GIVEN INFORMATION: Begin

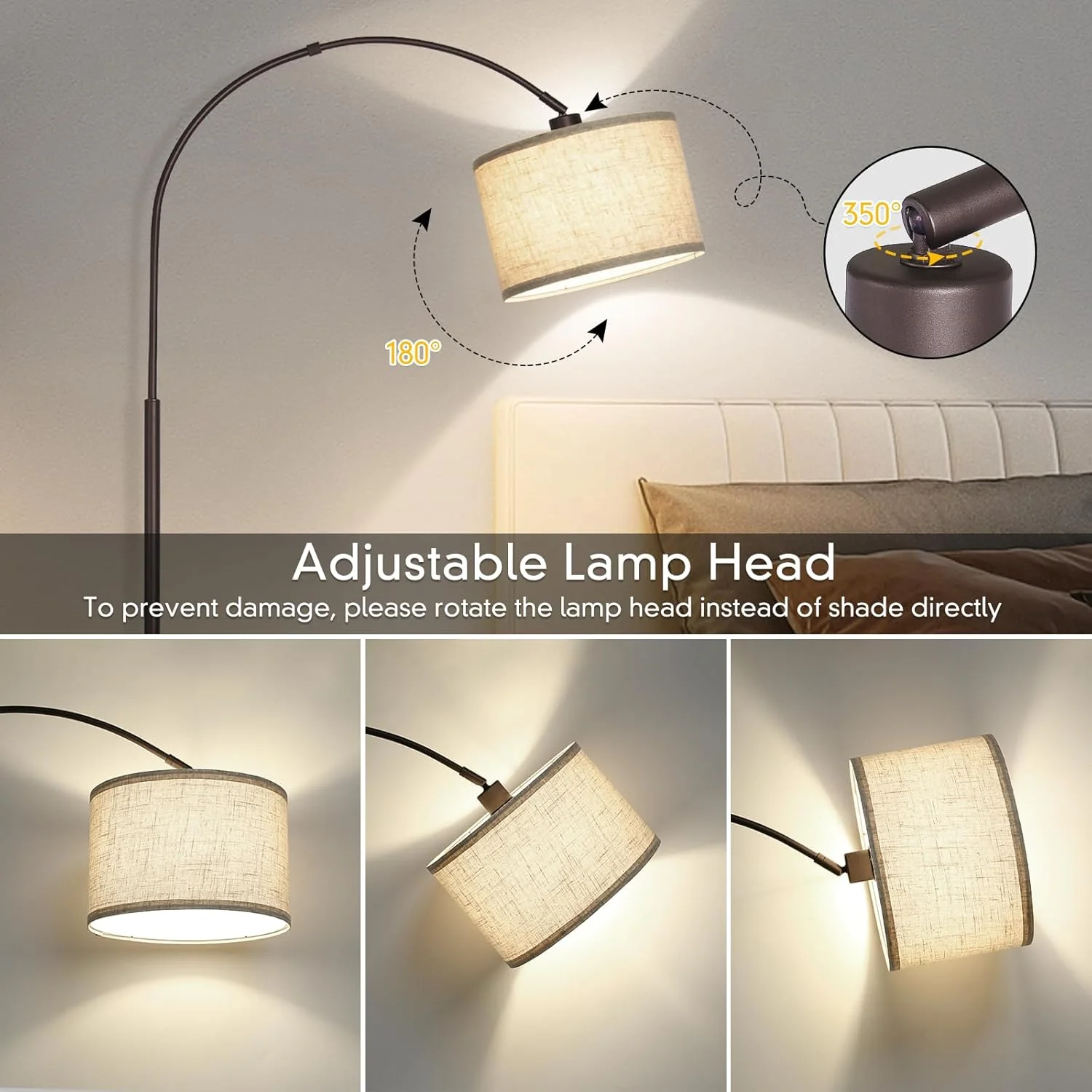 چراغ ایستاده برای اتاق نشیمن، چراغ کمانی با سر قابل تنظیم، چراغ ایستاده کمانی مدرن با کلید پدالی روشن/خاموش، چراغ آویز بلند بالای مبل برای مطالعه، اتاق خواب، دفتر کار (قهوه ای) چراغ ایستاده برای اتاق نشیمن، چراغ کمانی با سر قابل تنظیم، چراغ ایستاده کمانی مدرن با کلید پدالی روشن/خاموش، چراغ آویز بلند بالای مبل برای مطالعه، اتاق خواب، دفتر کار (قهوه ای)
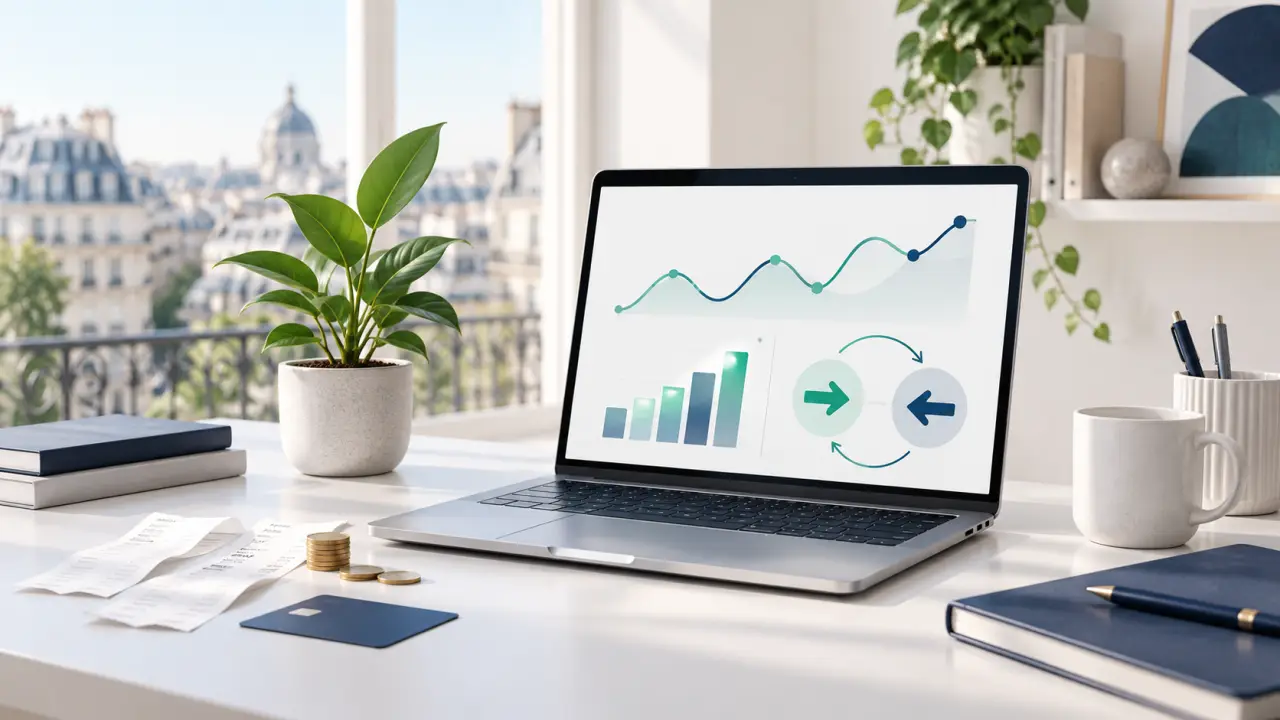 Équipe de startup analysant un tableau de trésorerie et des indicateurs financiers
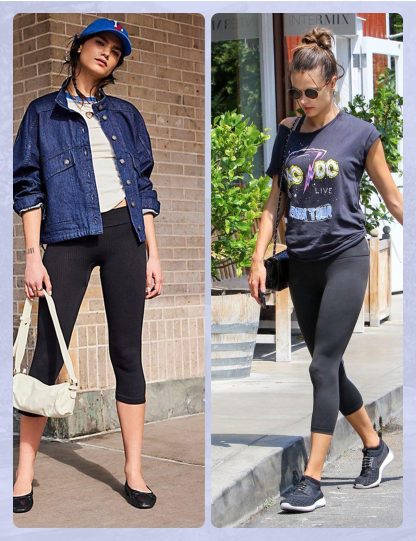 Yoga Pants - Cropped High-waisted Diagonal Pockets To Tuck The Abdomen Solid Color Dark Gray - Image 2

GIVEN INFORMATION: End

◆ YOUR TASK: The lines from the one that contains "Équipe de startup" through the end of the data, repeated exactly and with no pictures, make up the whole answer.

◆ EXERCISE OUTPUT:
 Équipe de startup analysant un tableau de trésorerie et des indicateurs financiers
 Yoga Pants - Cropped High-waisted Diagonal Pockets To Tuck The Abdomen Solid Color Dark Gray - Image 2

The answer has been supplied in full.